The entries that follow include a run beginning at the line with "Black Aesthetic Dino" and ending at the line with "GloboStar® CIRCOLARE 61319"; restate that run word for word and leave the rest out.

* * *

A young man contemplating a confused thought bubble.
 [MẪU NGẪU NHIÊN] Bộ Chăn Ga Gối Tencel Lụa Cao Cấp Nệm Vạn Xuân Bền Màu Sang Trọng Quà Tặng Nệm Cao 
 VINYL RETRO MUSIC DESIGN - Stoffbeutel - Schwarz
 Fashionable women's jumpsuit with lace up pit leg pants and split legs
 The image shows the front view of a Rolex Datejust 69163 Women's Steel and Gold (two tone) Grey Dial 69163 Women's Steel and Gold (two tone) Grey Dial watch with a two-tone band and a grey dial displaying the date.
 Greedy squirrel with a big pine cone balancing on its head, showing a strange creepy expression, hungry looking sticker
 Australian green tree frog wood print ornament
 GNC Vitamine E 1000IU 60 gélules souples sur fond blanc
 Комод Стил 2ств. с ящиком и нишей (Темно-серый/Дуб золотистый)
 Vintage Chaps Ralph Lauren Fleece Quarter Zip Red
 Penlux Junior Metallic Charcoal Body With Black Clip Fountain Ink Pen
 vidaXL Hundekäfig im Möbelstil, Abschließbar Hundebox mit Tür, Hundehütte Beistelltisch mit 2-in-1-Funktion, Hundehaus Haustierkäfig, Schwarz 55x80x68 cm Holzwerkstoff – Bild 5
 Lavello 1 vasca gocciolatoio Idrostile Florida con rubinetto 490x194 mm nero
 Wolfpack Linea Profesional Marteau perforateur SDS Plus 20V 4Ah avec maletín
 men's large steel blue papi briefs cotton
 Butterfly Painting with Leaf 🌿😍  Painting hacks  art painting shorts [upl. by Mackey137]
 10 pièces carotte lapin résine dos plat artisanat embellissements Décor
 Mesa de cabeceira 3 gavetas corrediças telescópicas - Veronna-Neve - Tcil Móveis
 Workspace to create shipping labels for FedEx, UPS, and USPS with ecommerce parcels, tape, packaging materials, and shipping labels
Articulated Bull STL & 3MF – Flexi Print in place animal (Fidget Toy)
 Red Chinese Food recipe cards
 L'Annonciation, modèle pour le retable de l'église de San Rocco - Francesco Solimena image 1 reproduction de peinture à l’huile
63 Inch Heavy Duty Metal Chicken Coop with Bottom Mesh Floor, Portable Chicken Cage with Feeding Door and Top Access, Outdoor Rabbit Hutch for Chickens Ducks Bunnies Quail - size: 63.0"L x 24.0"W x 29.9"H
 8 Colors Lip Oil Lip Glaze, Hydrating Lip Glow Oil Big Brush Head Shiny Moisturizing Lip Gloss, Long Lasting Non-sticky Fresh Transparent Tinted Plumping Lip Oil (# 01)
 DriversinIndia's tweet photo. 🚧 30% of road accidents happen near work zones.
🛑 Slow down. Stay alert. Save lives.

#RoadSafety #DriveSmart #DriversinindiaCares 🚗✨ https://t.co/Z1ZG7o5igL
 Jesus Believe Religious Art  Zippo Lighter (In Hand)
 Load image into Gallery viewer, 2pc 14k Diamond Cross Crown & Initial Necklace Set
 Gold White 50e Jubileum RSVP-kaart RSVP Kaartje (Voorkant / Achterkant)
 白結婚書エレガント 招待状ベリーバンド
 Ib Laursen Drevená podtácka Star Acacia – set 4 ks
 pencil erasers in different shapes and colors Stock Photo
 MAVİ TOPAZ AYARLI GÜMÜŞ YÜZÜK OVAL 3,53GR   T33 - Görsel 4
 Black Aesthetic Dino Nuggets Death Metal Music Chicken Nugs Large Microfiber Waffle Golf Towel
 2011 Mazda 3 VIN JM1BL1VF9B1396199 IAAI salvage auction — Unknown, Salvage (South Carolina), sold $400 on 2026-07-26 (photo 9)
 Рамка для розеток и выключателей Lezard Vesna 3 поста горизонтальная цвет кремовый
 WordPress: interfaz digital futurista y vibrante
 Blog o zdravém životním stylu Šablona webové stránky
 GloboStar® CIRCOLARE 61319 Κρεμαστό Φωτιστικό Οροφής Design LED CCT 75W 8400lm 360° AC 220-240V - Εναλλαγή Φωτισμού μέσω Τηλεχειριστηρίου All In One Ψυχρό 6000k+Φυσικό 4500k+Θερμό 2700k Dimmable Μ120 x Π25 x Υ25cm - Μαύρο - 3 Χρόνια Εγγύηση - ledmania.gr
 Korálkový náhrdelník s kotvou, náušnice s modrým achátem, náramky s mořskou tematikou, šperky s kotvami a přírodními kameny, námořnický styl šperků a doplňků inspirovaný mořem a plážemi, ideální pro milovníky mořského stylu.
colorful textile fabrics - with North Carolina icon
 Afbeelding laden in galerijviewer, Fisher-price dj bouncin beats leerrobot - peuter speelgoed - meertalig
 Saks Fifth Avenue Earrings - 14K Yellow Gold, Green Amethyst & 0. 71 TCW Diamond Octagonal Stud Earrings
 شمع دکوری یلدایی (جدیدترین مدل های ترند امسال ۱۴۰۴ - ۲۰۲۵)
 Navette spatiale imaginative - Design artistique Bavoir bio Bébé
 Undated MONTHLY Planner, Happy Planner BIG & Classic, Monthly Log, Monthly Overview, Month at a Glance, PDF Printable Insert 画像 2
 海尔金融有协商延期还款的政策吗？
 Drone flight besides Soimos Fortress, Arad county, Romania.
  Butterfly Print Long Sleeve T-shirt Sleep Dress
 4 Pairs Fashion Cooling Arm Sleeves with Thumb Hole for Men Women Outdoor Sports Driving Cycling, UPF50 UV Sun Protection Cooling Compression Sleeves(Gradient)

* * *

**Completed task:**
 Black Aesthetic Dino Nuggets Death Metal Music Chicken Nugs Large Microfiber Waffle Golf Towel
 2011 Mazda 3 VIN JM1BL1VF9B1396199 IAAI salvage auction — Unknown, Salvage (South Carolina), sold $400 on 2026-07-26 (photo 9)
 Рамка для розеток и выключателей Lezard Vesna 3 поста горизонтальная цвет кремовый
 WordPress: interfaz digital futurista y vibrante
 Blog o zdravém životním stylu Šablona webové stránky
 GloboStar® CIRCOLARE 61319 Κρεμαστό Φωτιστικό Οροφής Design LED CCT 75W 8400lm 360° AC 220-240V - Εναλλαγή Φωτισμού μέσω Τηλεχειριστηρίου All In One Ψυχρό 6000k+Φυσικό 4500k+Θερμό 2700k Dimmable Μ120 x Π25 x Υ25cm - Μαύρο - 3 Χρόνια Εγγύηση - ledmania.gr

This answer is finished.